Но, искореняя собственно мятеж, М. Н. Муравьев тем же русским чувством и сознанием понял, что здесь идет спор более глубокий: о русском или польском начале в самой жизни края. И он сделал все, чтобы поднять и укрепить русскую народность. Церковь, язык, школа, освобождение крестьян, их независимость от ополяченной шляхты, посильное оживление умственной русской жизни края - ничего не было забыто. М. Н. Муравьев, как сам русский человек, не имел никакого труда помнить, что нужно русскому человеку. Трудиться приходилось только на работе административной. Но система не выдумывалась: она была у него в сердце, в его чувстве...
Труднее, казалось, перенести систему М. Н. Муравьева в пределы Царства, где русское дело в «борьбе двух цивилизаций» не имело за собой опоры этнографической и исторической.
Система, однако, с соответственными изменениями была перенесена и в «Царство».
Выше мы отметили мнение, будто бы граф Ф. Ф. Берг действовал не менее успешно, нежели Муравьев. Но, во-первых, граф Берг получил фактическую власть лишь в сентябре 1863 года, а окончательное управление Царством только в октябре. Он лишь последовал за муравьевской системой, к этому времени блестяще доказавшей свою целесообразность и, сверх того, граф Берг был понуждаем к тому нравственным давлением М. Н. Муравьева, подкрепленным волей Государя.
Система Муравьева, раз демонстрированная, - понятно - была усваиваема везде. Она перешла и в Киев при генерал-губернаторе А. П. Безаке. Но, собственно, граф Берг, принявший особенно энергические меры после покушения 7 сентября 1863 года на его жизнь, во всяком случае, не умел выдержать характера и затянул усмирение мятежа почти на два года. Все современники (Карцев, Н. Милютин и др.) жалуются на очень скоро наступившие у него подачки полякам. Вообще граф Ф. Ф. Берг, конечно, администратор умный и энергичный, был именно типичным представителем петербургского чиновничьего «оппортунизма» с добавлением прибалтийского феодализма. Главная часть муравьевской системы была для него даже совершенно непонятна, и он ей только по мере сил мешал.
Русская идея Муравьева в применении к Царству Польскому требовала отыскания и усиления в Царстве элементов, сколько-нибудь нам родственных, если не по крови, то духовно. Такой элемент составляло польское крестьянство, и, насколько это возможно, идеи Муравьева были применены в Царстве, но только не графом Бергом, а Н. А. Милютиным, кн. В. А. Черкасским, Я. А. Соловьевым и их сподвижниками.
Излишне говорить о том, в каких плохих отношениях с гр. Бергом они находились при проведении крестьянской реформы 19 февраля 1864 года.

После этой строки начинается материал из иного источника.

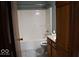 The bathroom includes a shower-tub, tile flooring, and wooden cabinets at 607 Deer Trail Dr, Indianapolis, IN 46217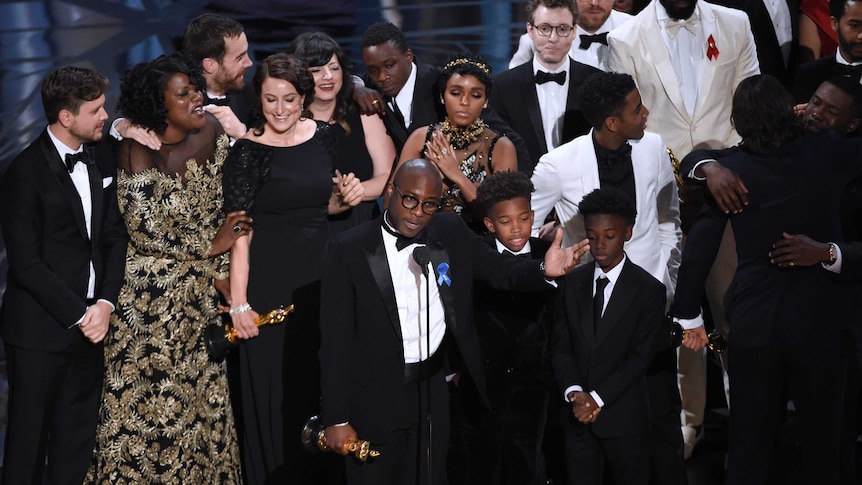 Barry Jenkins, foreground centre, and the cast accept the award for best picture for Moonlight at the Oscars.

А между тем окончательный удар мятежу нанесен был только с этой реформой, избавившей польское крестьянство от порабощения мятежной шляхтой и привязавшей его сердечно к Царю-Освободителю.
8
М. Н. Муравьев есть центральная историческая личность, воплощение русского духа, выступившего на борьбу против польского, в споре 1863 года. Все, что действительно было страшно мятежу, - так или иначе группировалось вокруг Муравьева, или прямо им вдохновленное и наученное, или примыкая к нему сочувственно и союзнически, как к главной силе.
Но невелико еще доселе было господство русского исторического духа в русской политике. К русскому началу обращались в минуту опасности, когда не было другой опоры. Но проходила опасность - и в правящих сферах снова брали верх либерально-бюрократические силы, представители суетливого безделья, легкого плаванья по течению событий, неголоволомного «ведения дел» без идеи, без принципа и цели. Прошла опасность. Мятеж раздавлен... И Муравьев, как сам предвидел с первой же минуты, - удаляется от дел, уступая место людям «попроще».
Конечно, с его удалением не могла сразу рухнуть его система. Он оставил учеников, друзей, последователей. Вильну он оставил даже спокойно, в руках генерала Кауфмана. Да и помимо людей система не могла погибнуть, потому что она вся состояла в освобождении действия самого исторического процесса. Он и сам за себя борется даже там, где за него нет никаких официальных деятелей.